MATERIAL PROVIDED:
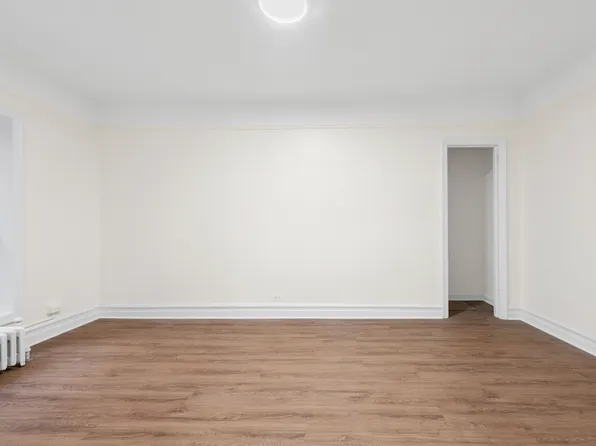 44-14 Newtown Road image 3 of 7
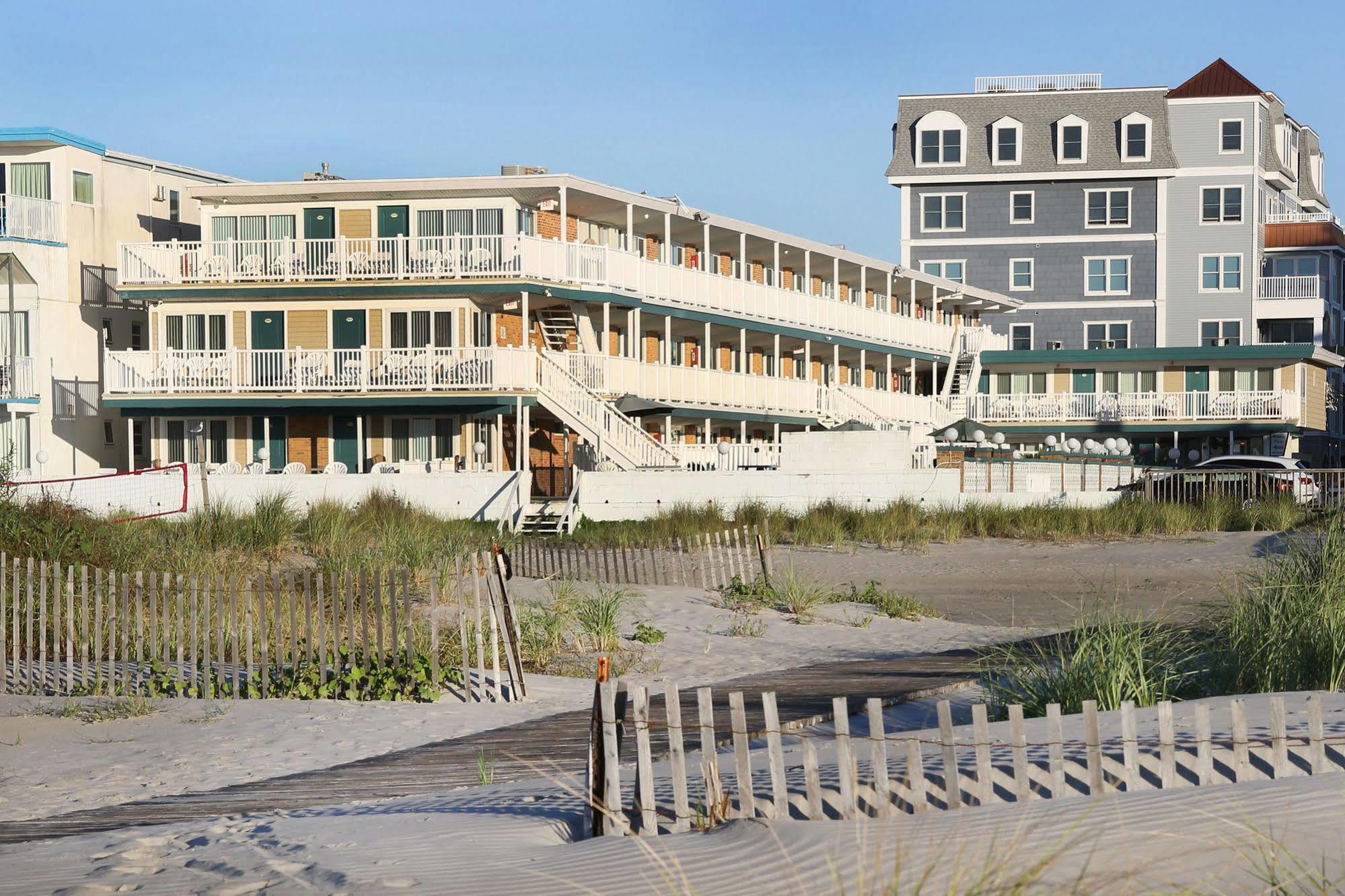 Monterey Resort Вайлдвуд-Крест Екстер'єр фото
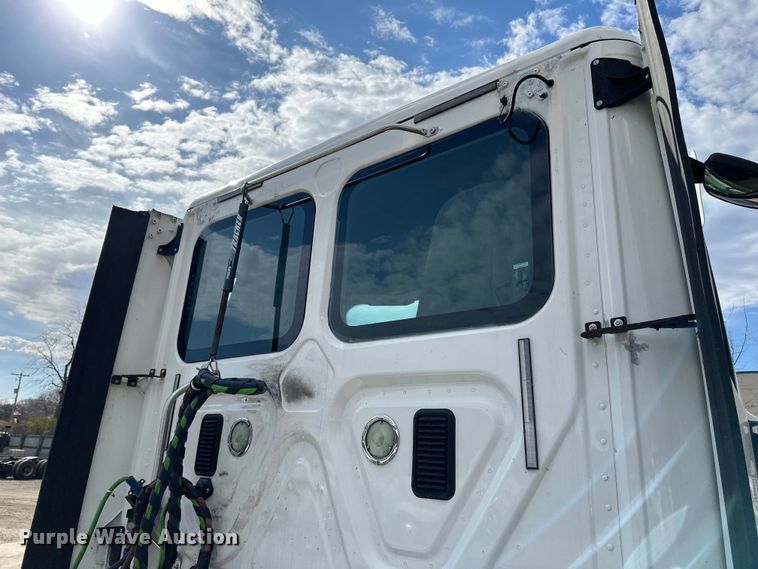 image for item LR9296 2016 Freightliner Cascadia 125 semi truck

EXERCISE: Without including any picture, set down every line above exactly as it stands.

RESPONSE TO THIS EXERCISE:
 44-14 Newtown Road image 3 of 7
 Monterey Resort Вайлдвуд-Крест Екстер'єр фото
 image for item LR9296 2016 Freightliner Cascadia 125 semi truck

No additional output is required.